Mr. Philippe van Amersfoort, EEAS who stayed with the delegation explained after the meeting that he would like to strengthen civil society links with ASEAN and hoped to have a conversation with us in the near future on developing a working relationship with ASEAN. I have made a proposal for an appointment to discuss this further as several members from Asia delegations have already expressed a wish to develop this field even if in an informal capacity.
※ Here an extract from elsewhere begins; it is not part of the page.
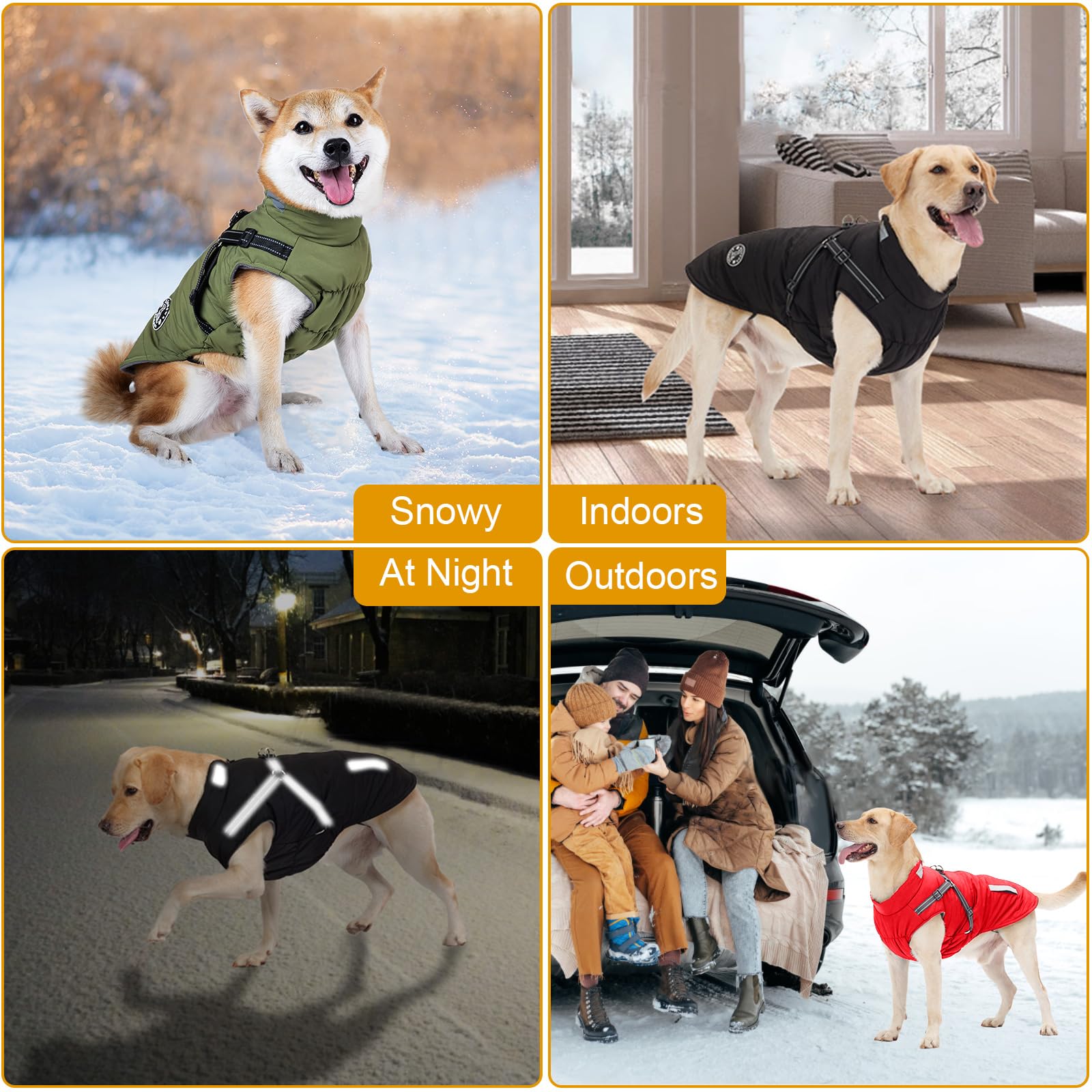 Warm Dog Jacket with Built-in Harness - Fleece Winter Coat for Small Medium Large Dogs | Waterproof Reflective Dog Vest for Cold Weather | Perfect for Outdoor Walks, Hiking & Nighttime Safety (Black, Size M)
I understand this is not the core work of the Committee but appreciated very much the visit of the delegation and the opportunity to promote the committees work and our relations in reflecting the views of civil society.
Copies: President Gr1
Group 1 Secretariat
Rex Section president
The ASEAN Commission on Women and Children (ACWC) is a formal consultative body of ASEAN. It was established in 2010 with a mandate to "develop policies, programmes and innovative strategies to promote and protect the rights of women and children in the region". Each Member State of ASEAN is represented by two Commissioners in ACWC, one for women's rights and the other for children's rights. They serve for a three-tear term. The personal background of the twenty members of the Commission is currently quite diverse, as it includes high-profile civil society activists and academics as well as senior officials.
The promotion of women's and children's rights has been a consensual topic on ASEAN's agenda since the late seventies. All ASEAN Member States have ratified and are parties to the Convention on the Elimination of All Forms of Discrimination Against Women (CEDAW) and the Convention on the Rights of the Child (CRC). Nonetheless, several key challenges remain in the region, such as gender discrimination, human trafficking, child labour, limited access to education and the broader impact of poverty on the situation of women and children.
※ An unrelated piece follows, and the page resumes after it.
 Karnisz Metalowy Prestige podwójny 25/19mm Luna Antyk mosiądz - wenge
In contrast to the ASEAN Intergovernmental Commission on Human Rights (AICHR) also established in 2010, ACWC has a human rights protection mandate and is entitled to organise open consultation processes with civil society on issues related to women's and children's rights. ACWC also interacts quite intensively with UN bodies, including UNIFEM, and Dialogue-partners of ASEAN. ACWC members visited Washington in April 2012.
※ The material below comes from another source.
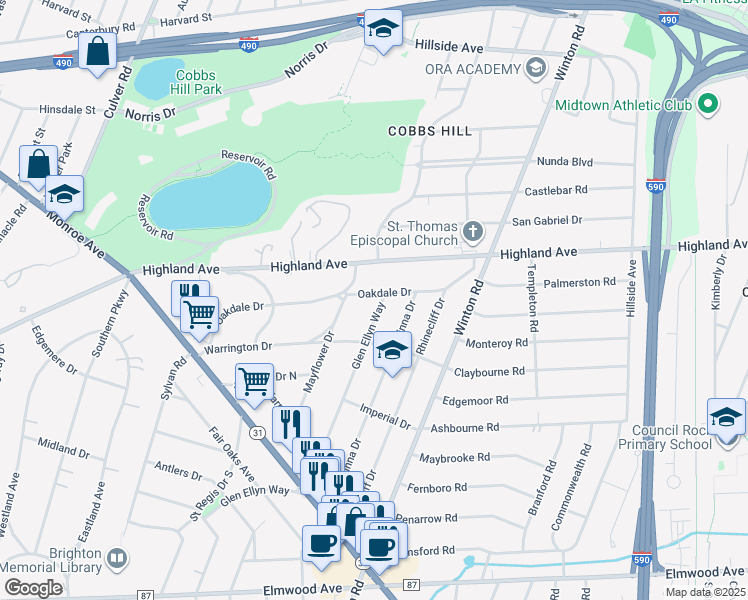 map of restaurants, bars, coffee shops, grocery stores, and more near 315 Oakdale Drive in Rochester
ACWC tries to ensure balance between promoting and protecting the rights of women and children. It has given significant attention to issues such as trafficking in human beings, which affects women and children in the region. During its fifth meeting, in July 2012 in Jakarta, ACWC agreed 12 projects aimed at raising awareness about best practices in eliminating violence against women and children; developing a regional network of social services aimed at victims of violence; organising conferences on cultural and religious practices affecting the rights of children; setting standards on service delivery for children with disabilities; promoting an enabling environment for children to participate in public decision making; and developing an ASEAN progress report on women's advancement and gender equality.
ACWC has contributed to raising awareness about women's and children's rights within governments of the region. It has established standards which have been brought to the attention of regular meetings of ASEAN Ministers (Health, Education, Labour, Social Welfare, Rural Development and Poverty Eradication etc.).
The work of ACWC provides interesting side-ways to address difficult or sensitive issues not openly or properly addressed on the wider human rights agenda of ASEAN (e.g. land evictions, a widespread challenge in the region, is being addressed by ACWC through "activities to strengthen the economic rights of women, particularly to land and property").
Upon invitation of the EEAS, all 20 members of ACWC will visit relevant EU institutions (EEAS, Commission, Parliament, Economic and Social Committee) and Belgian agencies (e.g. Centre pour l'Egalité des Chances) between 19 and 22 February 2013. ACWC members will essentially seek to share experience and lessons learnt on the broad set of issues falling within their mandate as well as explore possible avenues for future cooperation with the EU.